I often take these forays alone. As an introvert (which doesn't really mean anything these days), I need to take time to myself to recharge my energy after spending time in close quarters with others, or after a particularly rough day. I suppose I've always been this way. As a kid, I used to stay inside all the time, drawing my own Where's Waldo? scenes or constructing a Lego metropolis. According to legend, as an infant I would methodically push a pile of Jenga blocks into the corner to sit and play with them by myself. Even today, two of my favorite passions are typically enjoyed best when alone - reading and writing.

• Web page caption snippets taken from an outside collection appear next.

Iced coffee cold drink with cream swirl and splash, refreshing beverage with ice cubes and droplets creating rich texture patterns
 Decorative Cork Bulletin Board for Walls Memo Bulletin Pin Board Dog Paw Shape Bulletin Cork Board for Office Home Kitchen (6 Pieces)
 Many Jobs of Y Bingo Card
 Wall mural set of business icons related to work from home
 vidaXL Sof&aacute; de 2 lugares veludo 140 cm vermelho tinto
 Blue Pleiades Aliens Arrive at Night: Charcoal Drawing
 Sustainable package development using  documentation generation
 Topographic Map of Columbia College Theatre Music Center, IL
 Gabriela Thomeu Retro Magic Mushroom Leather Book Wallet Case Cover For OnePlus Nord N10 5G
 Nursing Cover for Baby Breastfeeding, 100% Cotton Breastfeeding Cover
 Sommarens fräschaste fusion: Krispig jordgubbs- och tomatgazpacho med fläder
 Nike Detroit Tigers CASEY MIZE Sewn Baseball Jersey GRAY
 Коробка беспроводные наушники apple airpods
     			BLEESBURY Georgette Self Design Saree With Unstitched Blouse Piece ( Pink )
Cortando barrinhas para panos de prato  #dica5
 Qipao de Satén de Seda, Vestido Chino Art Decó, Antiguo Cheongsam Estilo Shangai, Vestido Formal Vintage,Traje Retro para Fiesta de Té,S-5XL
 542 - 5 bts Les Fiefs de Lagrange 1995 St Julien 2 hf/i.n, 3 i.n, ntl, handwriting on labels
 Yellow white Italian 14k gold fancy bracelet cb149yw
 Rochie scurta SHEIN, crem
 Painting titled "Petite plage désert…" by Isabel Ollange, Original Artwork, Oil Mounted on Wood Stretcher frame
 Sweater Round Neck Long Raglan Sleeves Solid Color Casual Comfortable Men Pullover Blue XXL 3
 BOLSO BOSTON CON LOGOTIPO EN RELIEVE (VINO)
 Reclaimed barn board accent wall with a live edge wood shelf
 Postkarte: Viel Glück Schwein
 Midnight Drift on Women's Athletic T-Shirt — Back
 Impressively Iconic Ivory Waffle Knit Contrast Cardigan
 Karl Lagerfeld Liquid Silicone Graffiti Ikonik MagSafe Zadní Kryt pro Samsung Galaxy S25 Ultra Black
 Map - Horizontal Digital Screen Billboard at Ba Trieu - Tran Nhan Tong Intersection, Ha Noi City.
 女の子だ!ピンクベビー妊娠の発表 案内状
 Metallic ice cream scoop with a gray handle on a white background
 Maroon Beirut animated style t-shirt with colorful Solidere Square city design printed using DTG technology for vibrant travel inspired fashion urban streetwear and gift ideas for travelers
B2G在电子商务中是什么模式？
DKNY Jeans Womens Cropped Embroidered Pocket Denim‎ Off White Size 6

Sometimes seclusion works against us introverts. It's completely acceptable for anyone to take a break from others for some alone time (unless you're married, I guess. How does that work?) but sometimes this breeds a habit of not reaching out to others for help. This has been my personal experience. For some reason, the frequent need to be alone convinces me that I can better handle my problems if I am alone. After all, who knows me better than myself?

This mindset gets me into trouble, and I recall one particular occasion where my natural response to the inability to deal with my struggles directly resulted in a need to run away and isolate myself from those that cared for me. I won't go into the details, because I've already blogged about it, but I will say that that was clearly the opposite of what I should have done. It was a reaction to shame and the realization that I was an extremely weak person who couldn't even deal with problems in a normal way. 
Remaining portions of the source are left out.